_Data to process:_

★ ★ ★ ★ ★ ★ ★

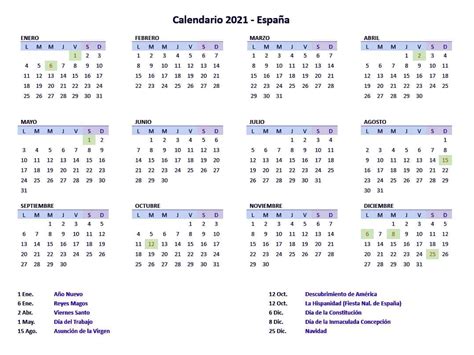 Días festivos en Madrid   Calendario laboral Madrid 2021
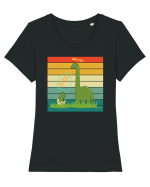 Funny Dinosaur Quotes Tricou mânecă scurtă guler larg fitted Damă Expresser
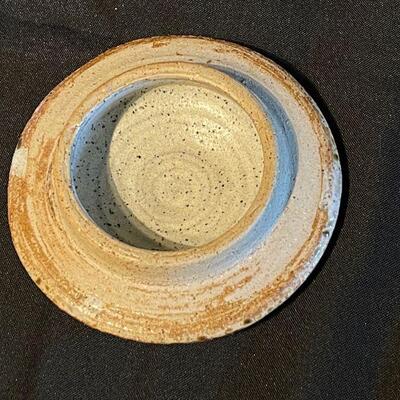 Dan Gauthier Lidded Ceramic Pot  Salt fired and glazed studio ceramic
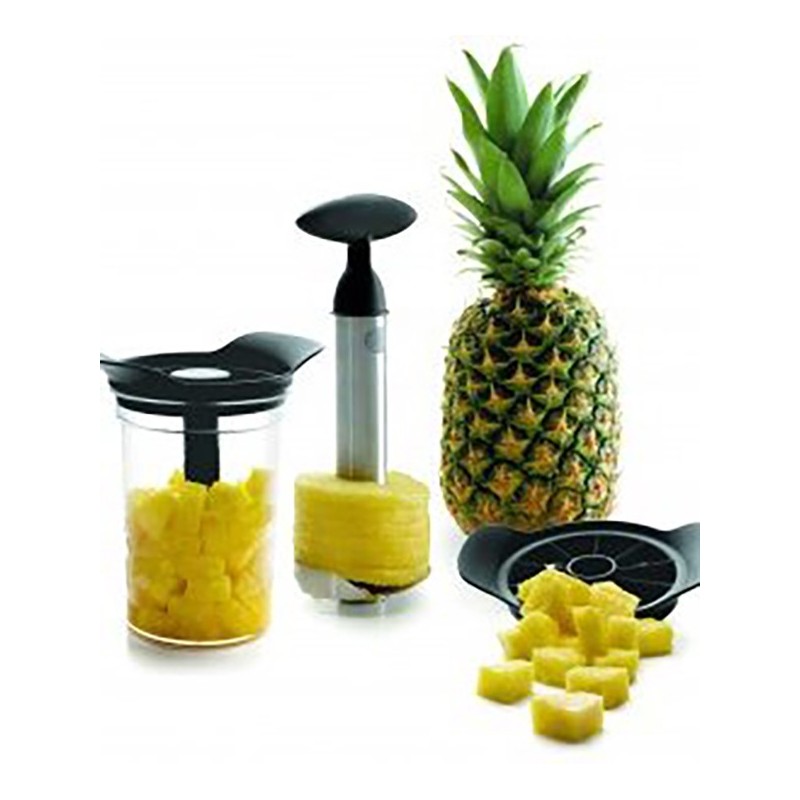 JUEGO  CORTADOR-PELADOR  PIÑA  CON  BOTE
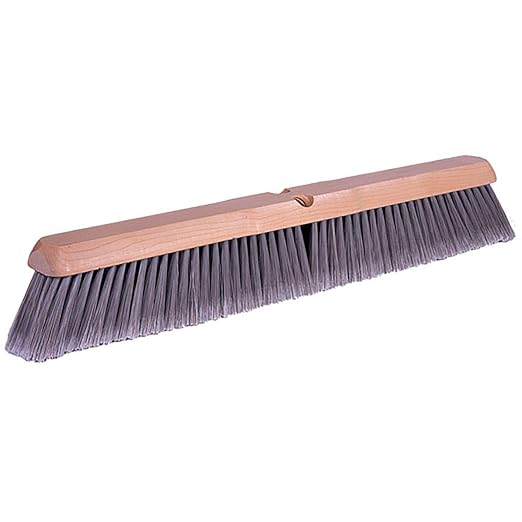 Weiler 42041 18" Fine Sweep Floor Brush, Flagged Silver Polystyrene Fill by WeilerAbrasives
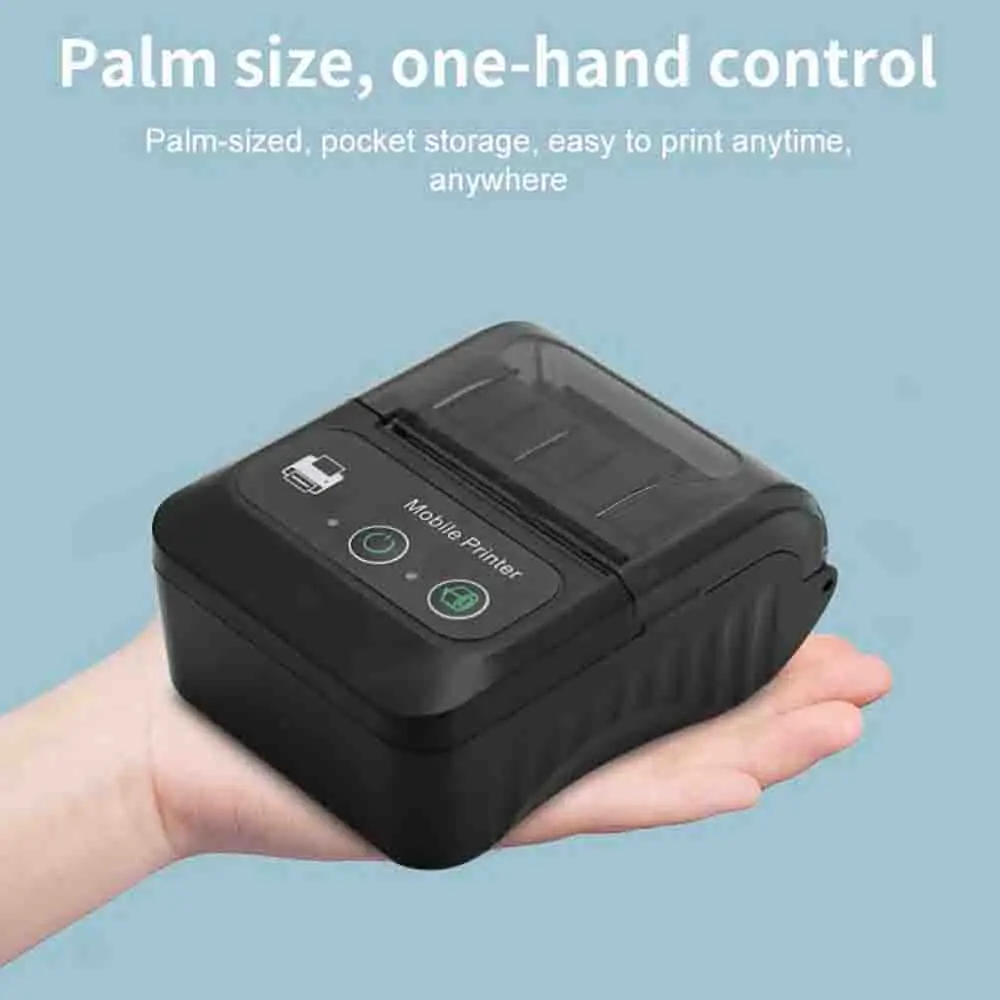 

58mm Portable Mini Wireless Bluetooth Thermal Receipt Printer for Small Business Handy Mobile Printer with Rechargeable Battery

★ ★ ★ ★ ★ ★ ★

_Exercise directions:_ Print, exactly and without pictures, the lines from the one holding "Funny Dinosaur Quotes" through the last line of the entries above, both included.

_Exercise solution:_
 Funny Dinosaur Quotes Tricou mânecă scurtă guler larg fitted Damă Expresser
 Dan Gauthier Lidded Ceramic Pot  Salt fired and glazed studio ceramic
 JUEGO  CORTADOR-PELADOR  PIÑA  CON  BOTE
 Weiler 42041 18" Fine Sweep Floor Brush, Flagged Silver Polystyrene Fill by WeilerAbrasives

58mm Portable Mini Wireless Bluetooth Thermal Receipt Printer for Small Business Handy Mobile Printer with Rechargeable Battery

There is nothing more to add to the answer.